A study by Hammad et al. (8) in rats showed an increase in the number of white blood cells in all groups receiving acrylamide. The authors of the present publication observed a decrease in the total number of granulocytes in pigs. Our research also showed that there were very clear changes in the morphology of granulocytes, consisting in strong condensation and fragmentation of cell nuclei in the group receiving high doses of AA. Such changes are often observed in animals (especially dogs and cats) in the course of inflammation and cancer, particularly leukaemia (1, 17). Changes in the morphology of neutrophils may indicate a significant influence of AA on the processes of haematopoiesis, however, we cannot state whether these changes will generate long-term disturbances of this process in the granulocytic cell line. Therefore, whether AA can cause such strong changes in the morphology of granulocytes as to qualify it to the group of agents that can cause severe disturbances of haematopoiesis is a question to stimulate interest in continued research. However, it is certain that the usage of this compound may adversely affect the human and animal body.

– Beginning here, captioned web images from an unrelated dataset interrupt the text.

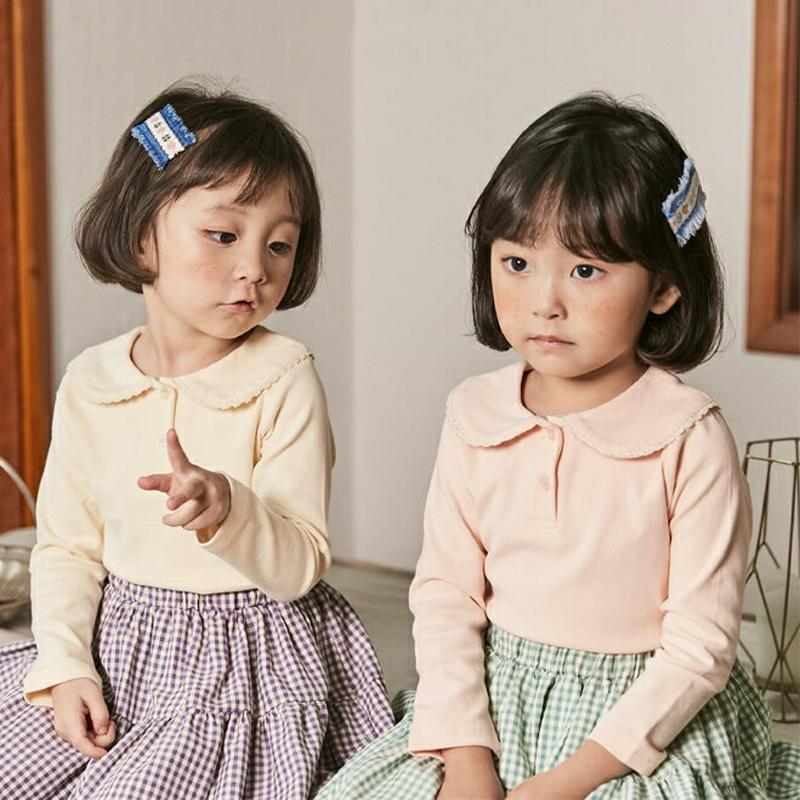 【新作10%OFF】ラウンドカラーボタンTシャツ・u06831 キッズ【3~8才】【tops】【トップス Tシャツ 長袖 ラウン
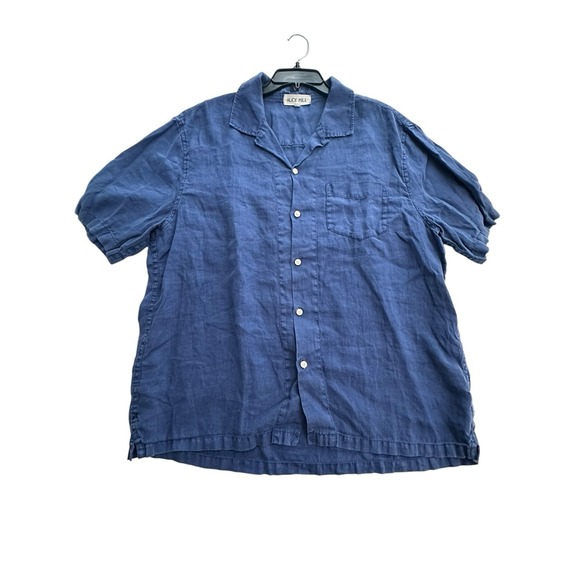 Alex Mill 100% Linen Shirt Men's XL Navy Blue Short‎ Sleeve Button Down #FF8-6 - Picture 7 of 10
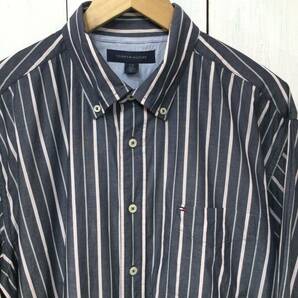 TOMMY HILFIGER トミーヒルフィガー ストライプシャツ コットン長袖シャツ 胸ロゴ メンズL 良品綺麗の画像2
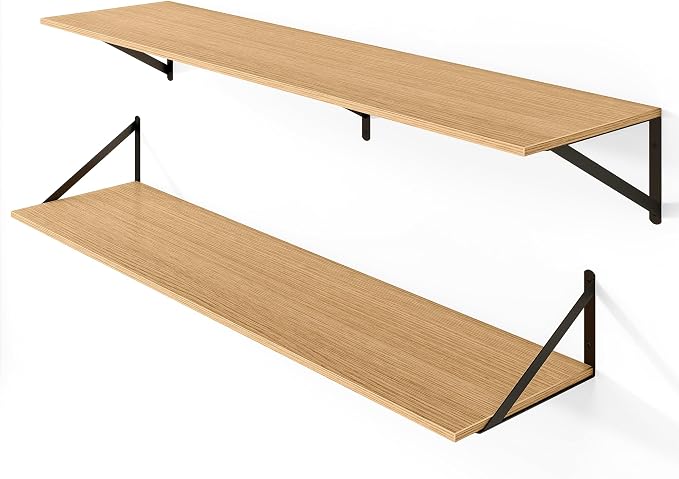 Heimlove 12 Inch Deep Floating Shelves for Wall, 48W x 12D Wood Wall Shelves Set of 2, Rustic Oak Wide Floating Bookshelf for Living Room, Kitchen, Office, Bedroom, with Black Metal Bracke - Oak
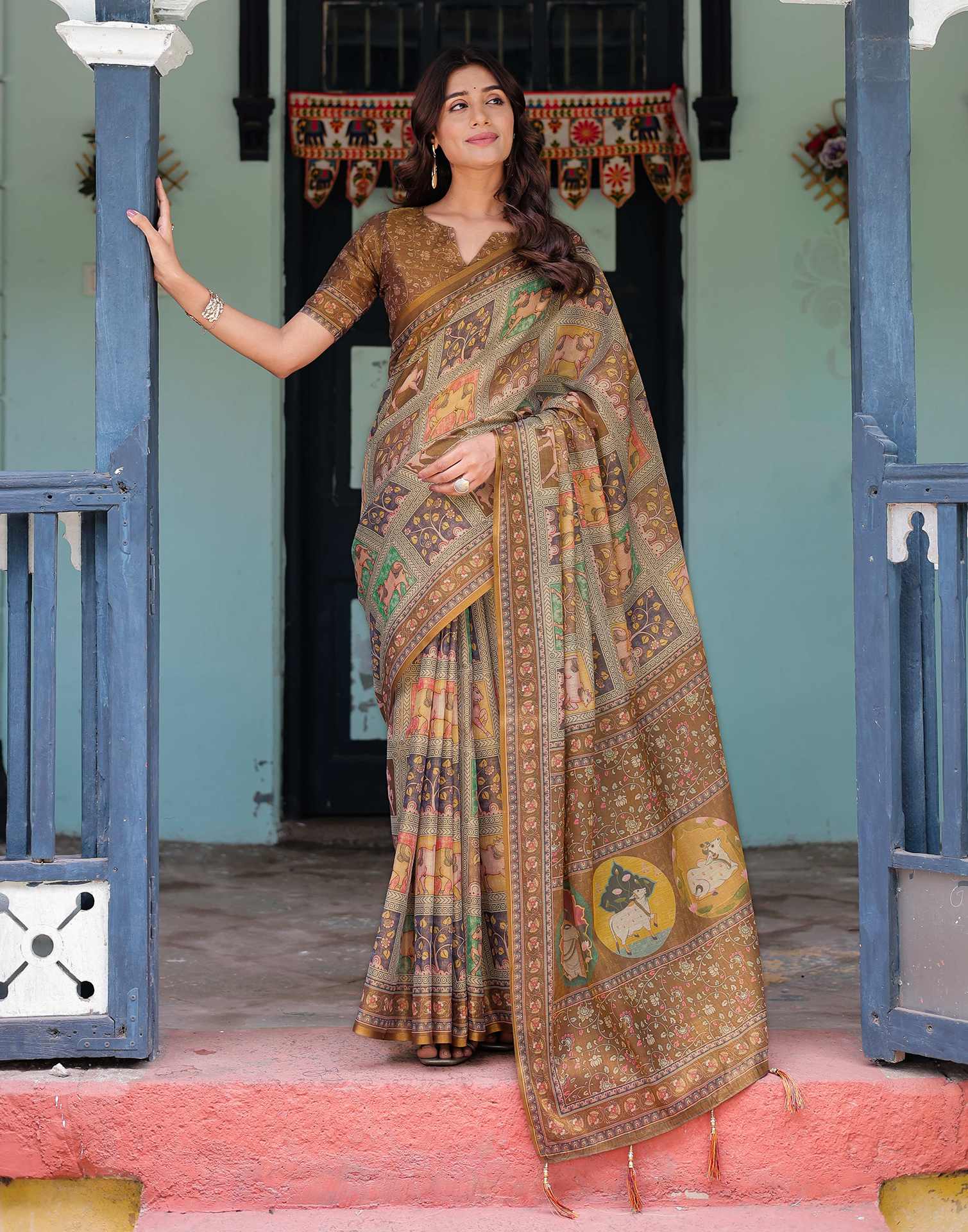 Brown Shimmer Silk Printed Saree - Image 9
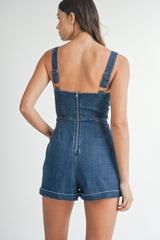 LEILANI BUSTIER DETAILED DENIM ROMPER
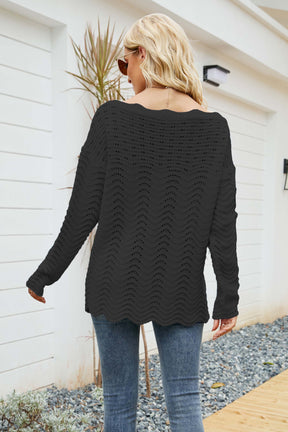 Cut Out Bateau Neck Long Sleeves Pullovers Sweater-AL9409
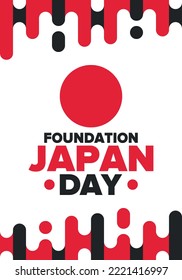 Japan Foundation Day. Japanese national happy holiday, celebrated annual in February 11. Japanese flag. Patriotic elements. Poster, card, banner and background. Vector illustration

The results obtained during the present investigation clearly show that acrylamide suppresses granulopoiesis, which manifests in a decreased number of most types of cells from the granulocytic cell line and changes in cell morphology. It was seen that different doses can have different effects on certain cell types. Moreover, the results of this research may be a valuable source of information about the harmfulness of acrylamide to the process of granulopoiesis in humans and animals, especially in view of the high utility of the domestic pig as a scientific model adopted for research applicable to humans.